Cet enregistrement est au plan technique l’exemple même où, plus qu’une simple prise de son, les ingénieurs Robert Gooch et Mike Ross-Trevor ont su capter l’émotion et l’essence même du concert.
On est loin de la hi-fi multi-micros analytique à l’excès où chaque pupitre de l’orchestre est ciselé, mis en lumière, une lumière trop crue, trop vive, chirurgicale, qui fait disparaitre les ombres, atténue les reliefs.
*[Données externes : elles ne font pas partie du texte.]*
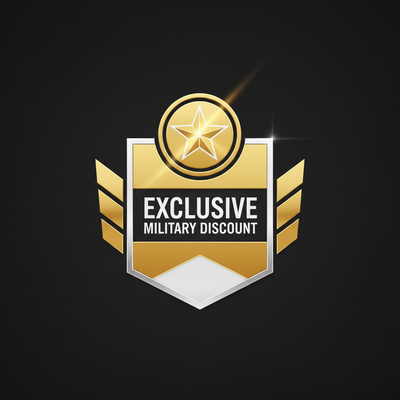 Exclusive discounts icon
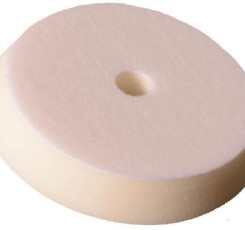 Полірувальний круг Buff and Shine 6" Uro-Tec™ Soft White Finishing Foam Pad Grip Pad™ 592BN size 125 mm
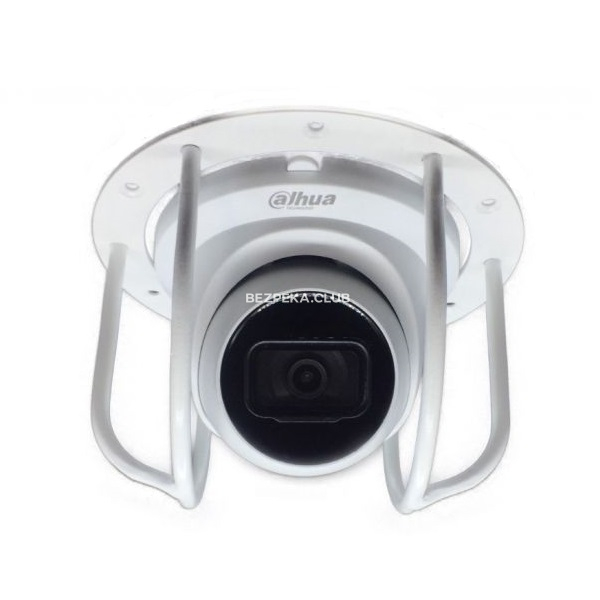 Vandal-proof protective cover DH-130/105w for dome cameras - Image 3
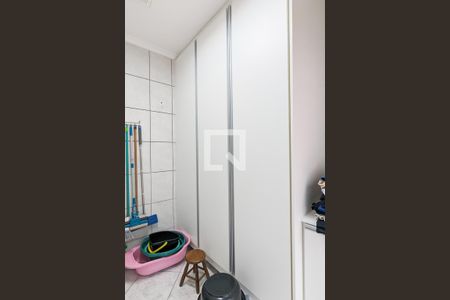 Casa à venda com 264m², 4 quartos e 3 vagasÁrea de serviço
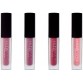 Huda Beauty LiquidMatte_PinkEdition  (20 ml, Multicolor)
Pour enregistrer un concert en direct avec le public, avec les moyens techniques analogiques de l’époque (années 70) il fallait faire des choix, aller à l’essentiel. C’est le cas ici et la réussite est totale au niveau musical si elle ne l’est pas pour certains grincheux au niveau technique. Le mélomane qui écoute cet enregistrement se fiche totalement de ce qu’on n’a pas (ou qu’on croit ne pas avoir)… on a déjà tellement. Ne boudons pas notre plaisir, ne chipotons pas.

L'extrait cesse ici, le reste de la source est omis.